- WORK TO COMPLETE:
Repeat the data exactly. Pictures stay out.
INFORMATION PROVIDED START
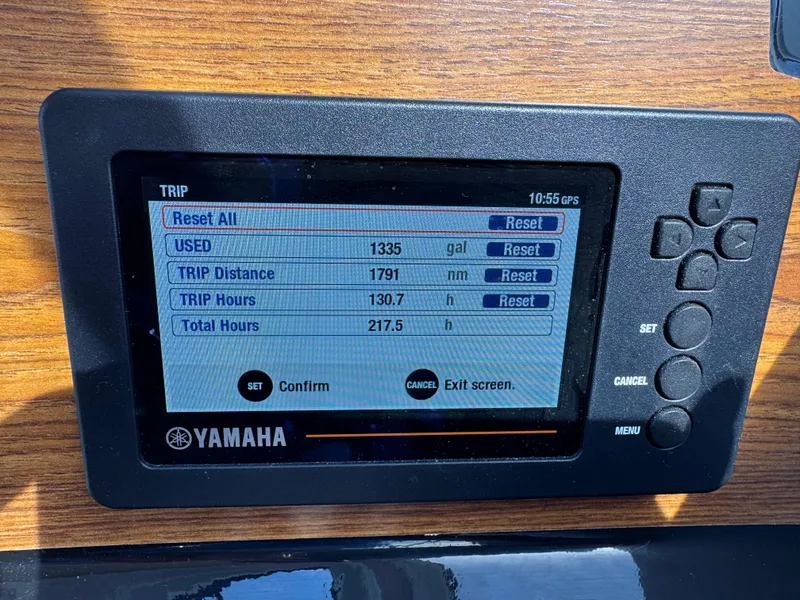 Slide: The Image of Yamaha display on 2021 Cutwater C-24 Coupe showing trip data and fuel usage. - 30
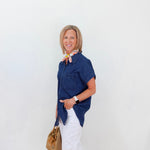 Woman wearing a blue shirt and white pants against a white background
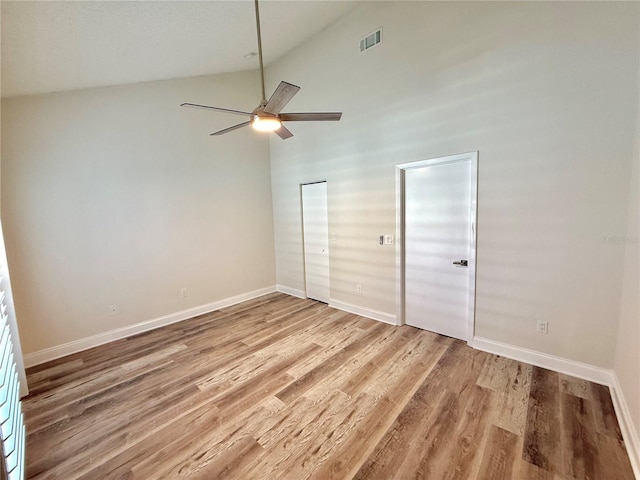 unfurnished bedroom featuring ceiling fan, wood-type flooring, and high vaulted ceiling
INFORMATION PROVIDED END
- ANSWER FOR THIS EXERCISE:
 Slide: The Image of Yamaha display on 2021 Cutwater C-24 Coupe showing trip data and fuel usage. - 30
 Woman wearing a blue shirt and white pants against a white background
 unfurnished bedroom featuring ceiling fan, wood-type flooring, and high vaulted ceiling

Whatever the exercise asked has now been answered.